Gov. Abubakar Bagudu of Kebbi has called for a legislative framework to serve as a guide toward diversification of Nigeria’s economy.
Bagudu said this at a public hearing on a bill for an act to establish the Nigerian Economic Diversification Council, held at the National Assembly Complex, Abuja on Monday.
He said that providing legislative framework would help convince other countries that Nigeria was serious about diversifying its economy.
Bagudu said that Nigeria was a blessed nation in all sense of the word adding that government needed to support different sectors of the economy to attain diversification from oil.
“We need to support different constituents of Nigeria to do better.
“We have done well in petroleum and gas not because it is the only sector; it is just that that is where we put in the most money.
“May be both the public and private sectors have put on an average basis between 1990 to 2010 which have been investing about 10 billion dollars in petroleum and gas.
“If you measure how much has been going into agriculture for example in that period may be its less than 500 million dollars,” he said.
Bagudu added: “So there is need for the diversification of the economy looking at areas such as agriculture and mining.”
The governor said that other sectors of the economy must be supported so that they could contribute more than they were contributing to the economy.

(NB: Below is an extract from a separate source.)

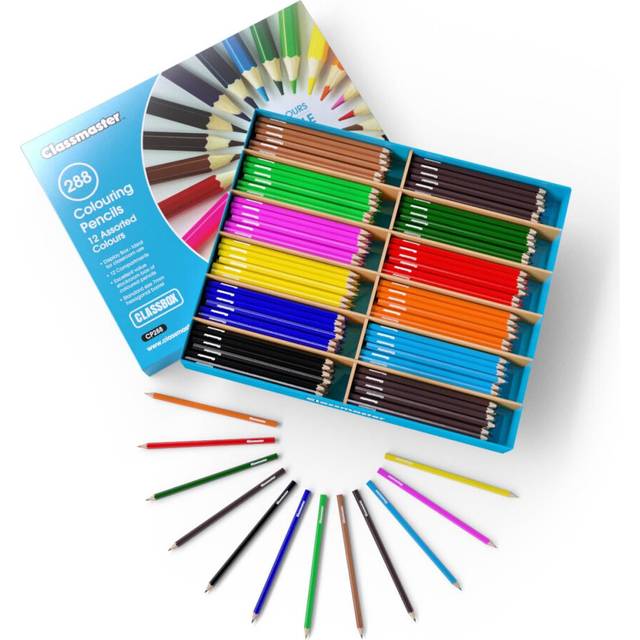 Classmaster Colouring Pencils For Adults & Kids, Coloured Pencils, Long-Lasting Colouring Pencils For Children, Softer Leads For Perfect Colour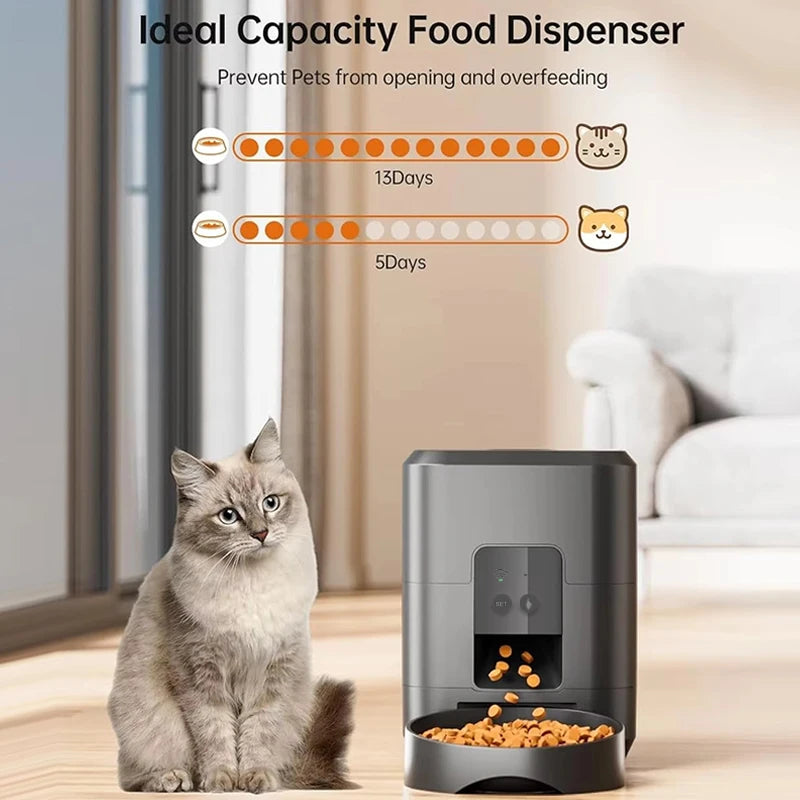 2L WIFI Control Smart Pet Feeder Automatic Dog Feeder OEM Cat Dog Dry Food Dispenser Timed Quantitative Automatic Cat Feeder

Speaking, Mrs Amaka Odili,the Director, Legal Services, Ministry of Mines and Steel Development, said that the proposed bill was in the right direction.
In his submission, Mr Mkgeorge Onyung, the President, Ship Owners Association of Nigeria, said that the Nigeria Ports Authority (NPA) had been losing 41 billion dollars daily due to poor management of the maritime sector.
He also said that NPA was making an average of 2 million dollars instead of 43 billion dollars as daily revenue.
Onyung said that shipping was the biggest business in the world; hence, Nigeria should pay attention to it.
“Shipping is 90 per cent of global trends and as far as the world is concerned, nothing moves, and nothing goes on without shipping, and without shipping, there is no shopping,” he said.